Data Management & Analysis Core

"Big Data Analytics for Environmental Health Decisions in Emergency Response"

The Data Management & Analysis Core (DMAC) is one of the key components of the Center that will support all projects and cores in their data management, analysis, quality control needs. Directed by Dr. Efstratios N. Pistikopoulos and in collaboration with co-Investigators Dr. Fred A. Wright, Dr. Lan Zhou, and Dr. Candice Brinkmeyer-Langford, the DMAC will provide a number of essential services to the Center’s researchers by assisting them is achieving key environmental and biomedical outcomes under four specific aims: (i) providing a new platform for data management and sharing across the Center, (ii) applying best-practice analysis methods to Center data, (iii) developing new methods that are urgently needed to solve the problems posed in the Projects, and (iv) maintaining research and data quality control protocols for the Center.

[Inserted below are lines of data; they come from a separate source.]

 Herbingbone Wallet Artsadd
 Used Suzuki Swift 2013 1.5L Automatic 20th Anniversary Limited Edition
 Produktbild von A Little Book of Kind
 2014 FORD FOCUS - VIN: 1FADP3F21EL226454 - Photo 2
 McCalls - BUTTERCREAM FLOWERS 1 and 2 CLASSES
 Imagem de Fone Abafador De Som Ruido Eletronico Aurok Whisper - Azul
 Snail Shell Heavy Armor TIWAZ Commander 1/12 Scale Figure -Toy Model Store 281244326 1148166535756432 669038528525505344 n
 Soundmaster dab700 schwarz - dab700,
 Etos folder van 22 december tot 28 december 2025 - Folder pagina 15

The DMAC will establish a data universe (“dataverse”) for data sharing, integration, and collaboration. The “dataverse” will be used to manage Center datasets where each component will securely deposit and access data through a web-based platform and ensure Center generated data comply with Findable, Accessible, Interoperable, and Reusable (FAIR) principles. Our central hypothesis remains that the Center, with its interconnected projects and cores that produce multidimensional and variable kinds of data, must be able to conduct corresponding state-of-the-art computational analyses that are accessible, free of erroneous inputs, interpretable, and reusable by all stakeholders. The DMAC responds to Superfund mandate #1: advanced techniques for the detection, assessment, and evaluation of the effect of hazardous substances on human health.

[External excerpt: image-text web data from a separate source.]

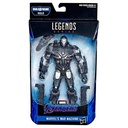 The Avengers Marvel Legends Series Avengers War Machine Action Figure Set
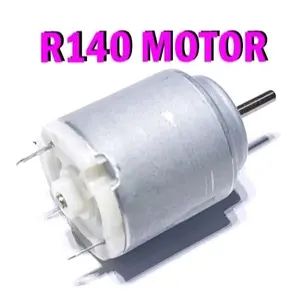 Dinamo Kipas Angin Mini R140 3V Motor Dc R140 3V 19000Rpm Dinamo Bor Mini Fan
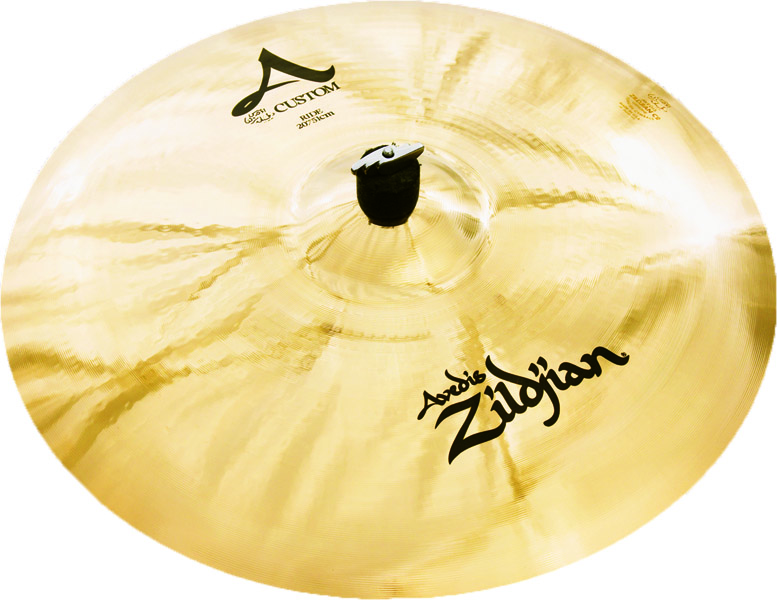 Zildjian A-Custom Ride 20"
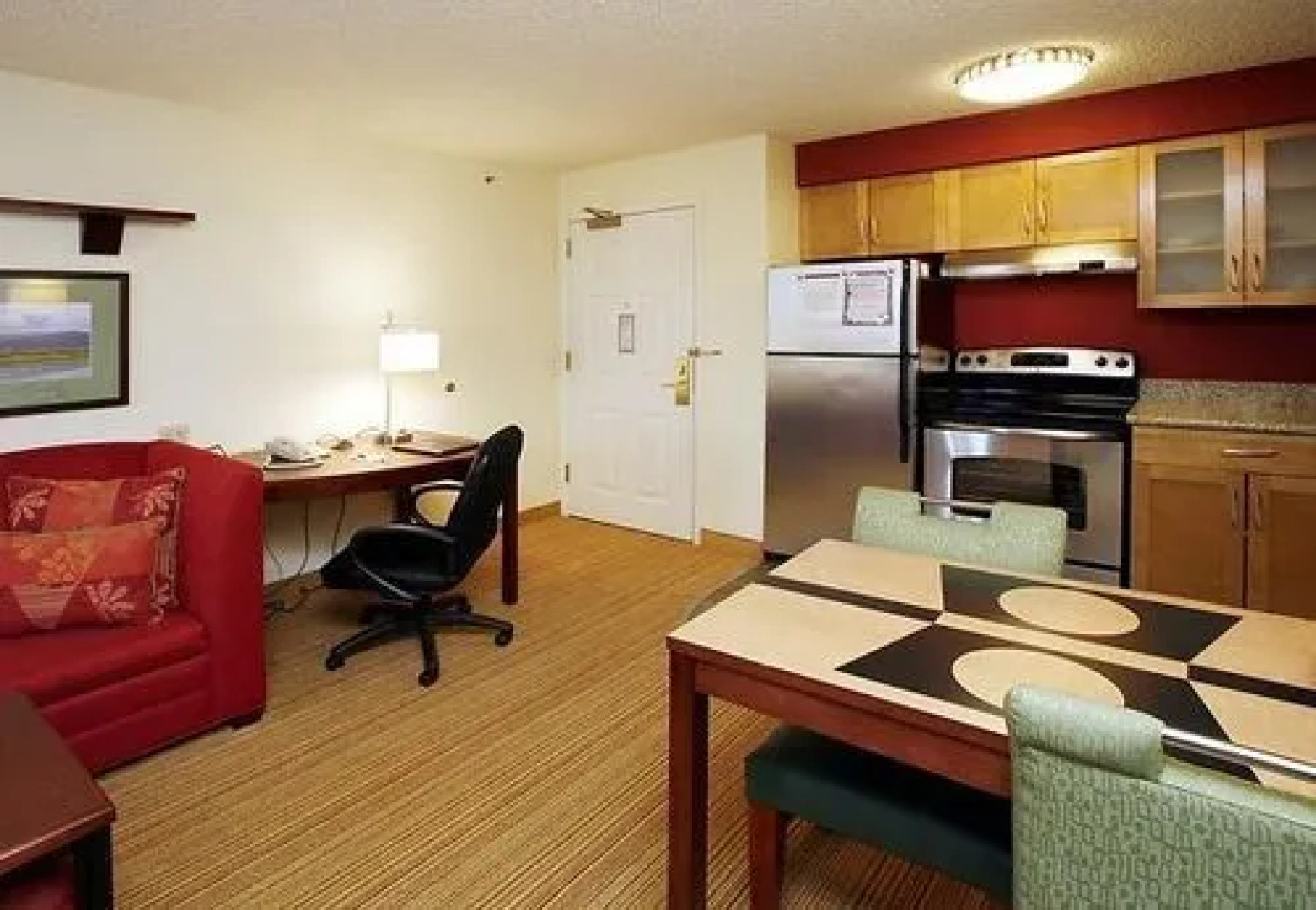 Residence Inn Anchorage Midtown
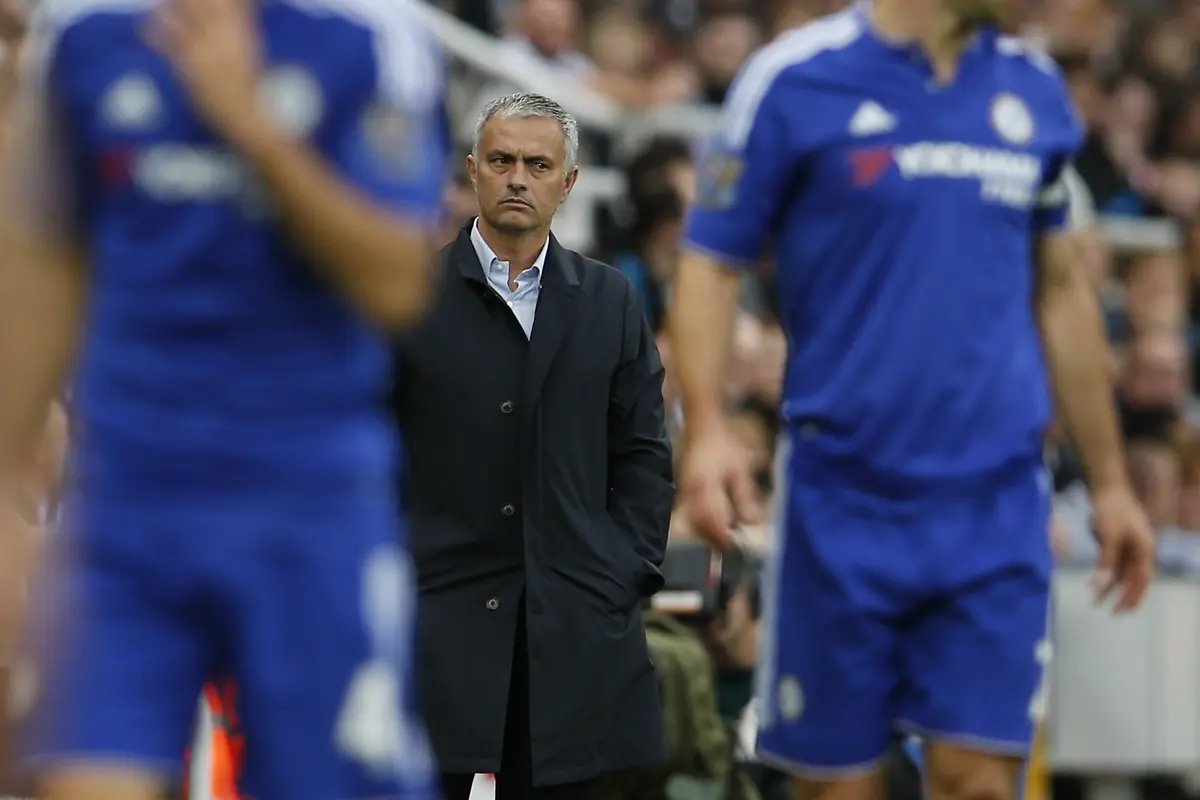 Jose Mourinho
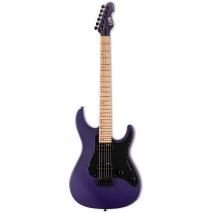 LTD SN-200HT Dark Metallic Purple Satin elektromos gitár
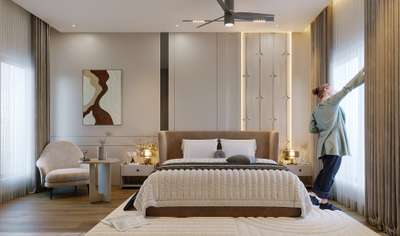 Master bedroom
client -mr.rasaq
place-koduvally
.
.
.
.
.
  #InteriorDesigner  #Architectural&Interior  #interiorpainting  #LUXURY_INTERIOR  #Hayathee_interior  #interiorarchitecture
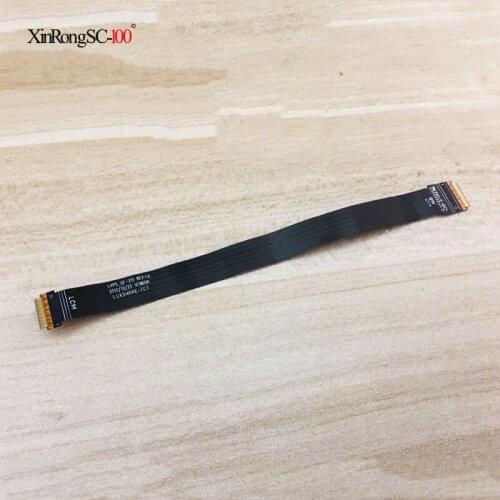 Genuine LCD Flex Cable For Lenovo A8-50 A5500 8.0" LCD Display Panel Connector Flex Ribbon Tablet Replacement Parts
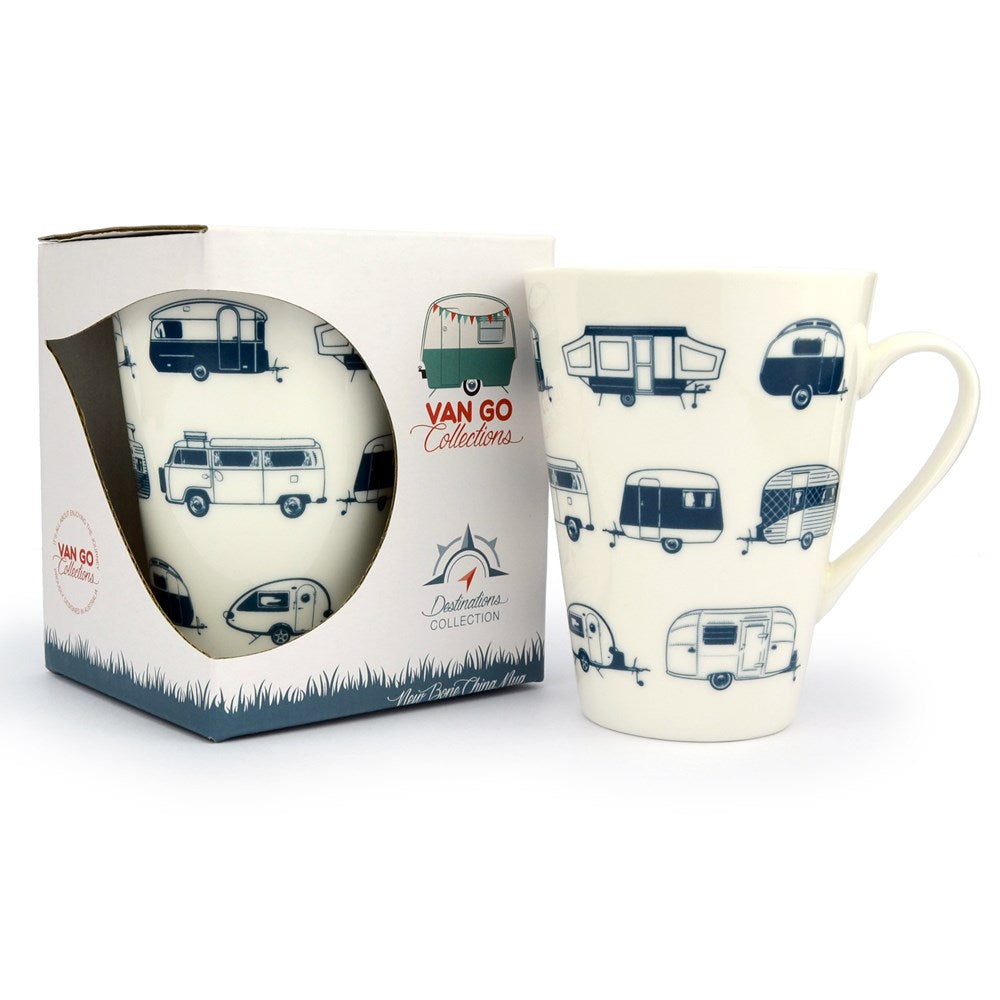 Van Go - China Mug 400ml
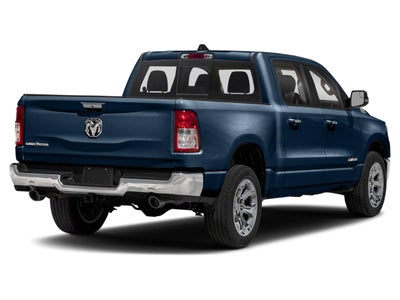 2021 RAM 1500 Big Horn 4x4 Quad Cab 6'4" Box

The DMAC of the Texas A&M Superfund Research Center serves as a hub for translating the raw experimental data produced by the Research Projects into useful knowledge to the community via data collection, integration, quality control, analysis, and model generation. The Core utilizes state-of-the-art methods in data science, optimization and machine learning, develops and applies novel dimensionality reduction techniques, and establishes a common data management and computational platform for collaboration within the Center and data dissemination to the Center stakeholders.

Leadership:



Specific aims:

  1. Advance the existing data management infrastructure to create a “dataverse” under the Texas Data Repository (TDR) for sharing, integrating, and disseminating data and data science methods across all projects of the Center and to the wider community.
  2. Provide service and expertise in state-of-the-art methods of statistical analysis, machine learning, data science, and mathematical optimization to support disaster research response (DR2) and successful completion of each project.
  3. Advance and develop high-performance data-driven analysis techniques and frameworks for use by Center projects.
  4. Develop and maintain data quality assurance and control protocols for each Center component and the data management system.